■ Prompt: What you give back must match the data character for character.

■ Given information:
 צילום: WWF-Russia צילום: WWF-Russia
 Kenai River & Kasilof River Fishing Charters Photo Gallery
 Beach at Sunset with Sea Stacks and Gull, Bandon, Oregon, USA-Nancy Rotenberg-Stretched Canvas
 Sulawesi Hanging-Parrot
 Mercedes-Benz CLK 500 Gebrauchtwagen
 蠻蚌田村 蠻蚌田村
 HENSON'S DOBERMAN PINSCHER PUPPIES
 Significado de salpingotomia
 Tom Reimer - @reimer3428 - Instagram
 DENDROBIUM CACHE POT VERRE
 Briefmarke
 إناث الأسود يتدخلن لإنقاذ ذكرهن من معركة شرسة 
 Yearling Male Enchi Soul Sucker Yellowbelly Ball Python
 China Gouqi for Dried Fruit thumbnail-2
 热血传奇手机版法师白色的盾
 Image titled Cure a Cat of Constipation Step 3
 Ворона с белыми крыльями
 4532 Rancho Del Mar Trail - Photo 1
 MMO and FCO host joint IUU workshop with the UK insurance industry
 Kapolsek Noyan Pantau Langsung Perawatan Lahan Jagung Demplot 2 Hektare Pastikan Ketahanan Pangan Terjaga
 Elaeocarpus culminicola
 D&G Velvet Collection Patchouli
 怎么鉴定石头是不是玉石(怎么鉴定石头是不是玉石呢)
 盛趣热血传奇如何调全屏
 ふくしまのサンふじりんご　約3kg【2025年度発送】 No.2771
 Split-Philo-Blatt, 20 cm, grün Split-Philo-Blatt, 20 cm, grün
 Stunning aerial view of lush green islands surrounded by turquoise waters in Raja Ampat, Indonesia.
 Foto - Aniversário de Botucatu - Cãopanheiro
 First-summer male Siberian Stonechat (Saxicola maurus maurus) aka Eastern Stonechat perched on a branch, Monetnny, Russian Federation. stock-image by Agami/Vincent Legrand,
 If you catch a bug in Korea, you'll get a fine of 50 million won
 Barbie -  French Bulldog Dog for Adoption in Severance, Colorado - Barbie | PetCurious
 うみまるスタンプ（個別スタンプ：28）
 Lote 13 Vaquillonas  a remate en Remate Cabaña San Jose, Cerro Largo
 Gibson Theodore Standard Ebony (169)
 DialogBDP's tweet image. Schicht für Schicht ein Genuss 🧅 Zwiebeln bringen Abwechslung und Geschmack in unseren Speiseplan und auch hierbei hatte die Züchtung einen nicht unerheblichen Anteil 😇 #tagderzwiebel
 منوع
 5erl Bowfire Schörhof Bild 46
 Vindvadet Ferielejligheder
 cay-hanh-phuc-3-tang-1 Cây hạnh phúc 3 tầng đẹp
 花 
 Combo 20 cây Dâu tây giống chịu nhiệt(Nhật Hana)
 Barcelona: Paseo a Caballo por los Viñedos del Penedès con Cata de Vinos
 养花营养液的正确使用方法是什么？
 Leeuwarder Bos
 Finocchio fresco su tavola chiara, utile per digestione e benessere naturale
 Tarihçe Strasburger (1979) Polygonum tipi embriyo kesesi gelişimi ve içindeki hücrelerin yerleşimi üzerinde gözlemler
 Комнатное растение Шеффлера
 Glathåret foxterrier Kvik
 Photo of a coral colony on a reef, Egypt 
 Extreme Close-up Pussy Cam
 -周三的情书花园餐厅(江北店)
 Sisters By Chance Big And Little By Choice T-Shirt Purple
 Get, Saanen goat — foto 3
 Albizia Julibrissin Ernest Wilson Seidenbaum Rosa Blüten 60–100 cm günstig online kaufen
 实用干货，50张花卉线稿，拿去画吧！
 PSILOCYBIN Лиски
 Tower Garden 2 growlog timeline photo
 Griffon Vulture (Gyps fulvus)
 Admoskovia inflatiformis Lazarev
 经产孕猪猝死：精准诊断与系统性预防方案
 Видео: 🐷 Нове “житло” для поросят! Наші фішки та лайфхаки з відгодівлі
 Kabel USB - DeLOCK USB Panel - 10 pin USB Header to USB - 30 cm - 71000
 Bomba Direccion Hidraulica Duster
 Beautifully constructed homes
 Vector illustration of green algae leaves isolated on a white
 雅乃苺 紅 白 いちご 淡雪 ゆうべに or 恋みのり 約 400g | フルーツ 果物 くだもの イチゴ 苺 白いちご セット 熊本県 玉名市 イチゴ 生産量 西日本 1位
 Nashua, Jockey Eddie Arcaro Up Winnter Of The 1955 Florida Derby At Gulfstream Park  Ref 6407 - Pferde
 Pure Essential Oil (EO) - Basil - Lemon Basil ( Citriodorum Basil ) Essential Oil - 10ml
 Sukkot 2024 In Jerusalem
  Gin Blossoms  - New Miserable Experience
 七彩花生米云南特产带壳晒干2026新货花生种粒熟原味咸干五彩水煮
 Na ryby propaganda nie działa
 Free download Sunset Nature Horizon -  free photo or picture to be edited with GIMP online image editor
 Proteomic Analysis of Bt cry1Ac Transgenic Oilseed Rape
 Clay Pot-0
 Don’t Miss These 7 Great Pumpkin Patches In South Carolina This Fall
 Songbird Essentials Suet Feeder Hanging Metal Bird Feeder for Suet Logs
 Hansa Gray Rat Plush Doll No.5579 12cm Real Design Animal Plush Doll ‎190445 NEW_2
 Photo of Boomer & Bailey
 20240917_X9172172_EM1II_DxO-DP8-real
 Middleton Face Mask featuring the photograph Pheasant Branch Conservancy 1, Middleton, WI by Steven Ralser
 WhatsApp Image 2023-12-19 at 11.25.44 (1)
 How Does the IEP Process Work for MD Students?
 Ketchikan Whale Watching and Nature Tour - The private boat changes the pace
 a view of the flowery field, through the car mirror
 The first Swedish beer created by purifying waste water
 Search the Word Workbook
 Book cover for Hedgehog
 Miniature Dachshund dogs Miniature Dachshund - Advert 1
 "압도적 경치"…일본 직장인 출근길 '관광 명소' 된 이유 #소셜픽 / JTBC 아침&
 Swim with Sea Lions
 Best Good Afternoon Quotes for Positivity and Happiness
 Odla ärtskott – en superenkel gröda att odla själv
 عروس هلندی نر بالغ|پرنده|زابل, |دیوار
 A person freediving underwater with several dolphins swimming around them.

■ Finished exercise:
 צילום: WWF-Russia צילום: WWF-Russia
 Kenai River & Kasilof River Fishing Charters Photo Gallery
 Beach at Sunset with Sea Stacks and Gull, Bandon, Oregon, USA-Nancy Rotenberg-Stretched Canvas
 Sulawesi Hanging-Parrot
 Mercedes-Benz CLK 500 Gebrauchtwagen
 蠻蚌田村 蠻蚌田村
 HENSON'S DOBERMAN PINSCHER PUPPIES
 Significado de salpingotomia
 Tom Reimer - @reimer3428 - Instagram
 DENDROBIUM CACHE POT VERRE
 Briefmarke
 إناث الأسود يتدخلن لإنقاذ ذكرهن من معركة شرسة 
 Yearling Male Enchi Soul Sucker Yellowbelly Ball Python
 China Gouqi for Dried Fruit thumbnail-2
 热血传奇手机版法师白色的盾
 Image titled Cure a Cat of Constipation Step 3
 Ворона с белыми крыльями
 4532 Rancho Del Mar Trail - Photo 1
 MMO and FCO host joint IUU workshop with the UK insurance industry
 Kapolsek Noyan Pantau Langsung Perawatan Lahan Jagung Demplot 2 Hektare Pastikan Ketahanan Pangan Terjaga
 Elaeocarpus culminicola
 D&G Velvet Collection Patchouli
 怎么鉴定石头是不是玉石(怎么鉴定石头是不是玉石呢)
 盛趣热血传奇如何调全屏
 ふくしまのサンふじりんご　約3kg【2025年度発送】 No.2771
 Split-Philo-Blatt, 20 cm, grün Split-Philo-Blatt, 20 cm, grün
 Stunning aerial view of lush green islands surrounded by turquoise waters in Raja Ampat, Indonesia.
 Foto - Aniversário de Botucatu - Cãopanheiro
 First-summer male Siberian Stonechat (Saxicola maurus maurus) aka Eastern Stonechat perched on a branch, Monetnny, Russian Federation. stock-image by Agami/Vincent Legrand,
 If you catch a bug in Korea, you'll get a fine of 50 million won
 Barbie -  French Bulldog Dog for Adoption in Severance, Colorado - Barbie | PetCurious
 うみまるスタンプ（個別スタンプ：28）
 Lote 13 Vaquillonas  a remate en Remate Cabaña San Jose, Cerro Largo
 Gibson Theodore Standard Ebony (169)
 DialogBDP's tweet image. Schicht für Schicht ein Genuss 🧅 Zwiebeln bringen Abwechslung und Geschmack in unseren Speiseplan und auch hierbei hatte die Züchtung einen nicht unerheblichen Anteil 😇 #tagderzwiebel
 منوع
 5erl Bowfire Schörhof Bild 46
 Vindvadet Ferielejligheder
 cay-hanh-phuc-3-tang-1 Cây hạnh phúc 3 tầng đẹp
 花 
 Combo 20 cây Dâu tây giống chịu nhiệt(Nhật Hana)
 Barcelona: Paseo a Caballo por los Viñedos del Penedès con Cata de Vinos
 养花营养液的正确使用方法是什么？
 Leeuwarder Bos
 Finocchio fresco su tavola chiara, utile per digestione e benessere naturale
 Tarihçe Strasburger (1979) Polygonum tipi embriyo kesesi gelişimi ve içindeki hücrelerin yerleşimi üzerinde gözlemler
 Комнатное растение Шеффлера
 Glathåret foxterrier Kvik
 Photo of a coral colony on a reef, Egypt 
 Extreme Close-up Pussy Cam
 -周三的情书花园餐厅(江北店)
 Sisters By Chance Big And Little By Choice T-Shirt Purple
 Get, Saanen goat — foto 3
 Albizia Julibrissin Ernest Wilson Seidenbaum Rosa Blüten 60–100 cm günstig online kaufen
 实用干货，50张花卉线稿，拿去画吧！
 PSILOCYBIN Лиски
 Tower Garden 2 growlog timeline photo
 Griffon Vulture (Gyps fulvus)
 Admoskovia inflatiformis Lazarev
 经产孕猪猝死：精准诊断与系统性预防方案
 Видео: 🐷 Нове “житло” для поросят! Наші фішки та лайфхаки з відгодівлі
 Kabel USB - DeLOCK USB Panel - 10 pin USB Header to USB - 30 cm - 71000
 Bomba Direccion Hidraulica Duster
 Beautifully constructed homes
 Vector illustration of green algae leaves isolated on a white
 雅乃苺 紅 白 いちご 淡雪 ゆうべに or 恋みのり 約 400g | フルーツ 果物 くだもの イチゴ 苺 白いちご セット 熊本県 玉名市 イチゴ 生産量 西日本 1位
 Nashua, Jockey Eddie Arcaro Up Winnter Of The 1955 Florida Derby At Gulfstream Park  Ref 6407 - Pferde
 Pure Essential Oil (EO) - Basil - Lemon Basil ( Citriodorum Basil ) Essential Oil - 10ml
 Sukkot 2024 In Jerusalem
  Gin Blossoms  - New Miserable Experience
 七彩花生米云南特产带壳晒干2026新货花生种粒熟原味咸干五彩水煮
 Na ryby propaganda nie działa
 Free download Sunset Nature Horizon -  free photo or picture to be edited with GIMP online image editor
 Proteomic Analysis of Bt cry1Ac Transgenic Oilseed Rape
 Clay Pot-0
 Don’t Miss These 7 Great Pumpkin Patches In South Carolina This Fall
 Songbird Essentials Suet Feeder Hanging Metal Bird Feeder for Suet Logs
 Hansa Gray Rat Plush Doll No.5579 12cm Real Design Animal Plush Doll ‎190445 NEW_2
 Photo of Boomer & Bailey
 20240917_X9172172_EM1II_DxO-DP8-real
 Middleton Face Mask featuring the photograph Pheasant Branch Conservancy 1, Middleton, WI by Steven Ralser
 WhatsApp Image 2023-12-19 at 11.25.44 (1)
 How Does the IEP Process Work for MD Students?
 Ketchikan Whale Watching and Nature Tour - The private boat changes the pace
 a view of the flowery field, through the car mirror
 The first Swedish beer created by purifying waste water
 Search the Word Workbook
 Book cover for Hedgehog
 Miniature Dachshund dogs Miniature Dachshund - Advert 1
 "압도적 경치"…일본 직장인 출근길 '관광 명소' 된 이유 #소셜픽 / JTBC 아침&
 Swim with Sea Lions
 Best Good Afternoon Quotes for Positivity and Happiness
 Odla ärtskott – en superenkel gröda att odla själv
 عروس هلندی نر بالغ|پرنده|زابل, |دیوار
 A person freediving underwater with several dolphins swimming around them.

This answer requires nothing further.